Neste ano, o Paiol Literário deixará de acontecer no Teatro Paiol. E não contará com o apoio da sua incompetente, arrogante e aparvalhada Fundação Cultural. Veja, Gustavo, a literatura nunca foi importante aos governos. Nunca esteve entre as prioridades. Sei disso. Não sou ingênuo. Doar dentaduras e cadeiras de rodas é mais relevante. Entendo. Minha mãe usa dentadura. Mas eu as compro, que fique bem claro. E logo precisará de uma cadeira de rodas. Também a comprarei.
Esta carta não é motivada pela decisão da sua pândega Fundação Cultural de não patrocinar o Paiol Literário em 2013. O projeto acontecerá normalmente a partir do segundo semestre em outro espaço cultural. O Rascunho sobrevive há 13 anos (157 edições). O senhor sabe o que significa um jornal de literatura sobreviver 13 anos sem o amparo de leis de incentivo à cultura, pouquíssima publicidade, numa cidade periférica como Curitiba? E o que isso significa para a cidade? Pense nisso enquanto pedala pelas ruas de uma Curitiba de poucas ciclovias.

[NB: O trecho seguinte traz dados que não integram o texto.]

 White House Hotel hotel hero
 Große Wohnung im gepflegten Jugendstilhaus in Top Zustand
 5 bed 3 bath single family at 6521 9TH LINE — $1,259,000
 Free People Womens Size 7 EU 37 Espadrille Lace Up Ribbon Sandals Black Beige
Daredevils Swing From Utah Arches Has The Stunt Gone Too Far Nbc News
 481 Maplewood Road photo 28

O motivo desta carta é a falta de respeito do superintendente da Fundação Cultural de Curitiba, senhor Igor Cordeiro, cujas características mais evidentes são a arrogância e uma estupidez atroz e risível. Um burocrata almofadinha que acredita ser Pinóquio uma criação de Walt Disney. Desde o primeiro contato, ele, Igor Cordeiro, nos garantiu que o Paiol Literário“é um projeto muito importante e que será mantido”. Após algumas conversas, e-mails, telefonemas, chega-nos uma desprezível esmola. Não somos porcos famélicos para receber a lavagem rala e insossa de uma Fundação Cultural cujos dirigentes não passam de quadrúpedes pestilentos.
Reproduzo a seguir o e-mail enviado na quinta-feira (16) pela senhora Mirele Camargo, coordenadora de Relações Institucionais e Marketing da sua indecente Fundação Cultural. As esmolas oferecidas:
1) “Sugestão para nossa contrapartida é que seja a mesma do ano passado (quando não houve aporte de recurso), com cessão do espaço e dos funcionários. Complementaríamos com apoio de mídia (guia cultural e divulgação) e com divulgação”.

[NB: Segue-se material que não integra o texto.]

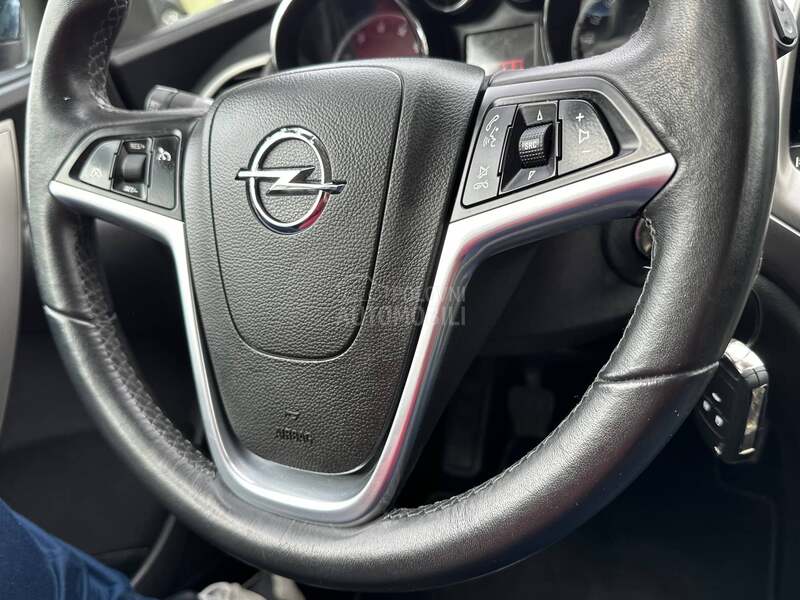Opel Astra J 1.4. 16V ENJOY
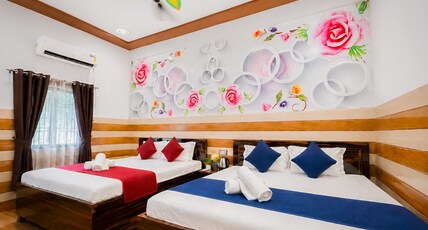 K.D Dham-Near Prem mandir Room Type - Four bed room
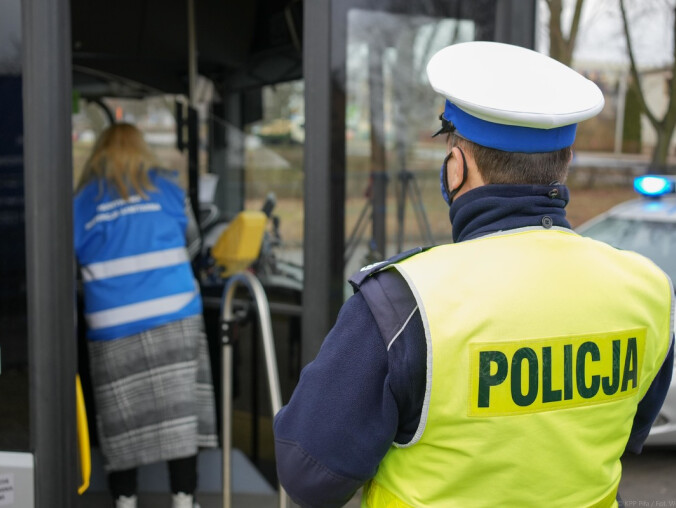 Pilska drogówka i sanepid kontrolują pasażerów autobusów  - grafika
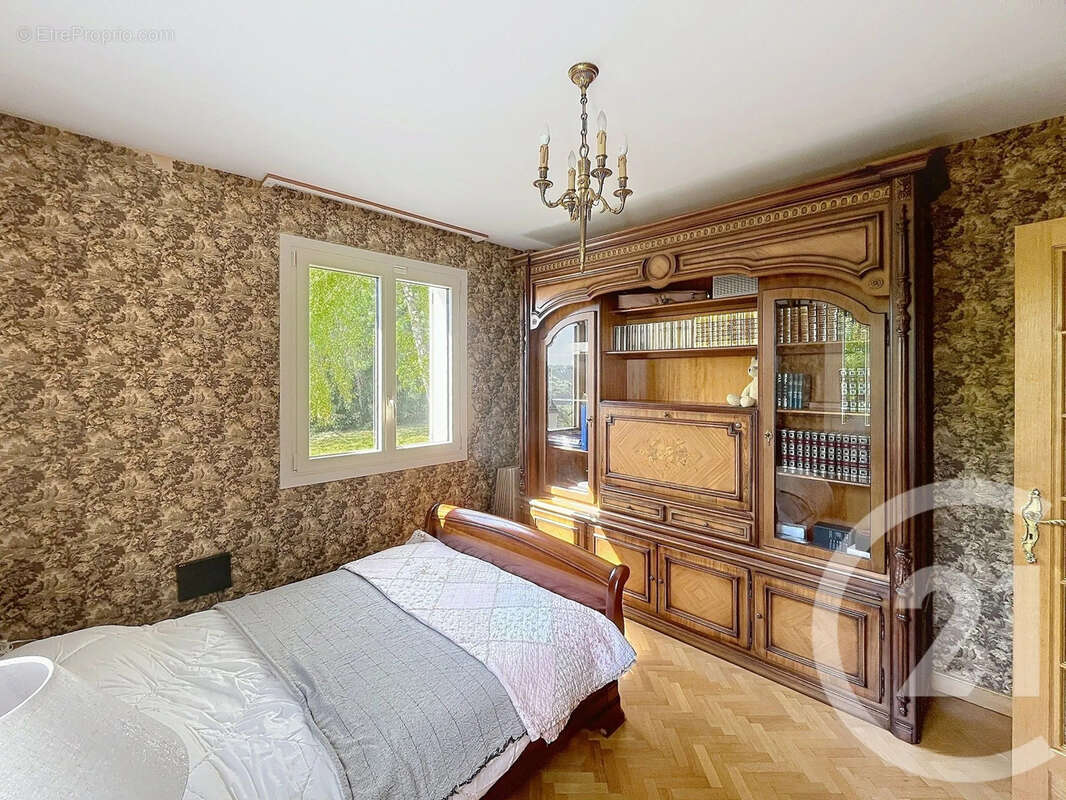 Maison à BRUGNY-VAUDANCOURT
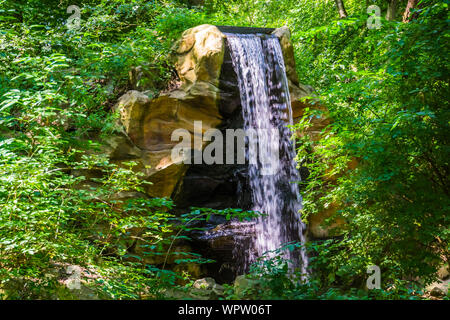 Cascade de streaming d'une falaise dans un paysage de forêt, la nature, l'architecture de jardin Banque D'Images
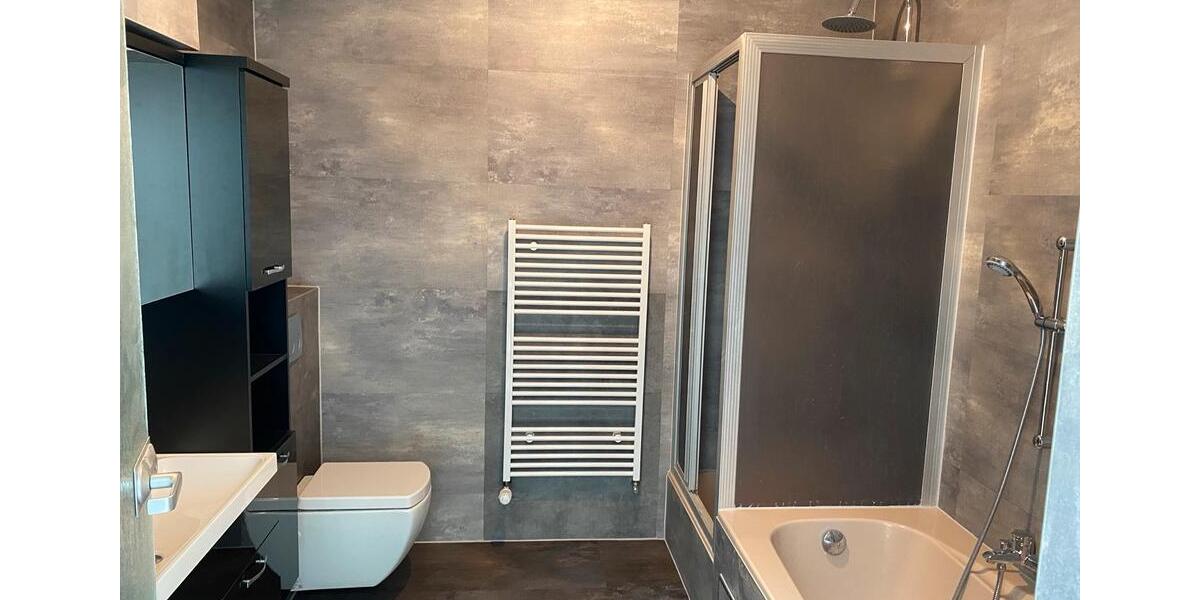 Etagenwohnung Marxheim - 3 Zimmer, 103 m&sup2;, 1.450&euro; | Angebot:25933622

A senhora Mirele é uma coordenadora mal informada. Em 2012, houve “aporte de recurso”. Desde 2006, há “aporte de recurso” da Fundação Cultural, Sesi Paraná e Rascunho para a realização do Paiol Literário.
Oferecer apoio de mídia é, no mínimo, ridículo. Divulgação? Não nos faça rir. Até mesmo o porteiro da garagem do prédio do Rascunho sabe mais de comunicação do que toda a equipe da sua Fundação Cultural.
2) “Outro apoio possível: três passagens aéreas ida e volta com estadias.”
Pretendemos convidar oito escritores para a edição deste ano do Paiol Literário. Sendo assim, alguns terão de vir a pé a Curitiba. Imagino que Francisco Dantas, do Sergipe, leve alguns meses até chegar aqui. Levando em conta a proposta mesquinha e estúpida da sua Fundação Cultural, alguns autores poderiam dormir na casa da senhora Mirele Camargo ou do senhor Igor Cordeiro. Talvez seja esta a intenção. Desconheço os fetiches sexuais de ambos. É possível que um escritor de cuecas na cozinha seja um deles. Nunca se sabe.
Desde 2006, o Paiol Literário acontece com “aporte de recurso”, como gosta de definir a senhora Mirele, do Rascunho, Sesi Paraná e Fundação Cultural. Mas “aporte de recurso” é bem diferente desta esmola molambenta oferecida na gestão que se inicia. Que início!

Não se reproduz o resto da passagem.